Florida Orange Groves
These reminiscences were dredged up by a photo I found in my files from May 2008, my year-old Bonneville on a side road near Alva, Florida on my meandering way home from a conference trip to Clearwater north of Tampa. I like central Florida, a land of small towns, long straight roads unfortunately, but also woods, fields and unlikely back roads. It's a place that gives you space to think. 
Triumph Bonneville, Florida
Besides. it's nice to come home to the Keys and water and sky and familiar curves and passing zones and bridges and views and mangroves and even if it is a commute it is a good place to ride if you have done a lot of twisted mountain riding in your life.
Florida Sunset
An 80 degree evening in January in the Northern Hemisphere is not to be sniffed at if you dislike the cold. The road goes straight forward and straight back. Long may the road go, and long may I be on it.
Triumph Bonneville, US 1
I have been gearing up for the post-holiday busyness of being busy and Key West is busy. Lots of cars and people and sunshine shortly to be replaced by a couple of cool nights. I passed  a Tennessee- tagged SUV filled with eager faces looking forward to a  tropical vacation...and I hoped they felt a 63 degree night might qualify.  
Overseas Highway Mile Marker 14, Florida Keys
It has been a long time since the Lower Keys say a 50 degree day,a very long time indeed. I actually wouldn't mind a cold snap if only to remind me how much I enjoy the heat. I might sing a different tune if it got so cold I couldn't enjoy the ride.

Sunday, January 3, 2016

Starting A New Year

The whole New Year-old year thing doesn't really do much for me but this year, continuing my streak of bad bio rhythms I spent  New Year's Eve under the covers battling a fever.
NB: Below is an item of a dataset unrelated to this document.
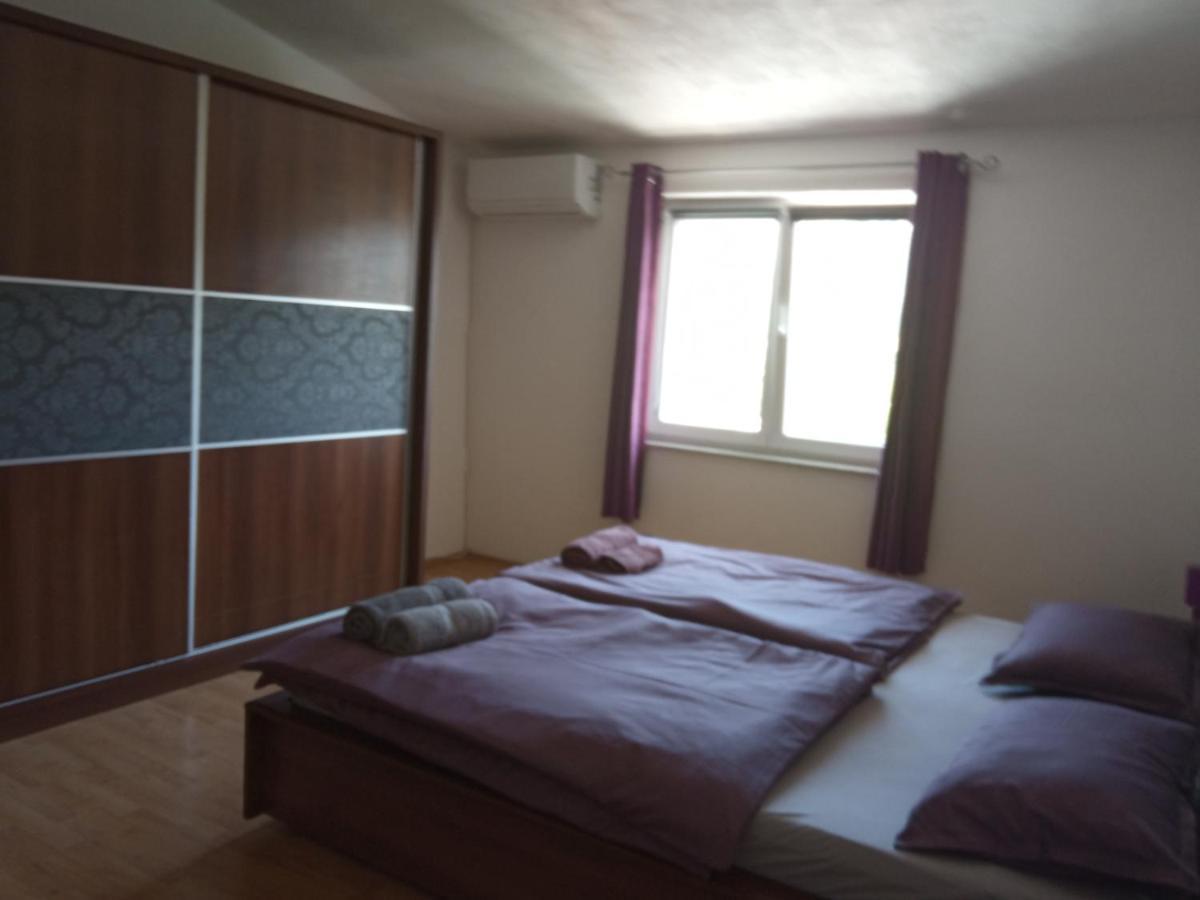 Ferienwohnung Katy&Mladen 1 Baška Exterior foto
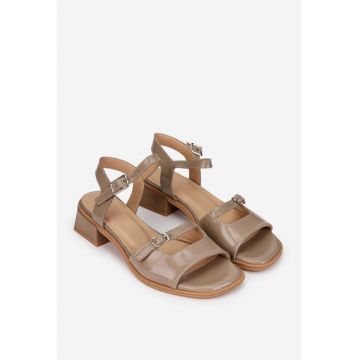 Sandale dama  din piele lacuita taupe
I missed out, not on a party, but a substantial overtime check for working overtime on a  city holiday. My shift was to start at eleven so I had the evening to have dinner at home with my wife and then I had a chance to make a fat check after she went to bed... Instead I had her waiting on me and my friends at work getting through a tough night without my help. Bugger.
Triumph Bonneville, Key West
But now I am well and truly recovered, my Bonneville is running nicely and on my way into work last night I got to stop for a moment and see part of a rather feeble sunset at Smathers Beach.
Triumph Bonneville, Key West
It was great to be out in the cool evening air, cool by local standards that is, lacking humidity even if it was around 80 degrees. The traffic on Highway One wasn't awful and I made good enough time to be able to stop for a couple of minutes before plunging into training with my new Trainee. For only the second time in eleven years that I have worked at police dispatch we have no openings...11 dispatchers, three trainees and one administrator. We are full! Hooray, and I hope it lasts.
Bonneville, Key West
My wife and I were talking about the new year and we have decided we need to make some changes. 2015 was filled with work and no play which makes for dull people. I am seriously missing my walks with my dog, but after she suffered so badly on the trip to Orlando I am now convinced she is happy with her routines at home. We figure that she's good as far north as Fort Lauderdale or Fort Myers, four or five hours in the car ona  direct trip, but no further. Her world is closing in, but she remains happy if not terribly mobile and for that I am grateful. A pain free old age is fine thing for her even if she can't walk with me anymore.
South Roosevelt Boulevard, Key West
The first step to enjoying daily life more is to take time on my commute to pause and sniff the salt air. Very good it was too.

Friday, January 1, 2016

Happy New Year

2015 was a stark mixture of hope and frustration for me. 2016 will no doubt present its challenges. For now I am in bed with a fever of 102 wondering why I forgot to get a flu shot this year. Frankly I am glad the holidays are over and the daily routine can resume. Onwards and upwards!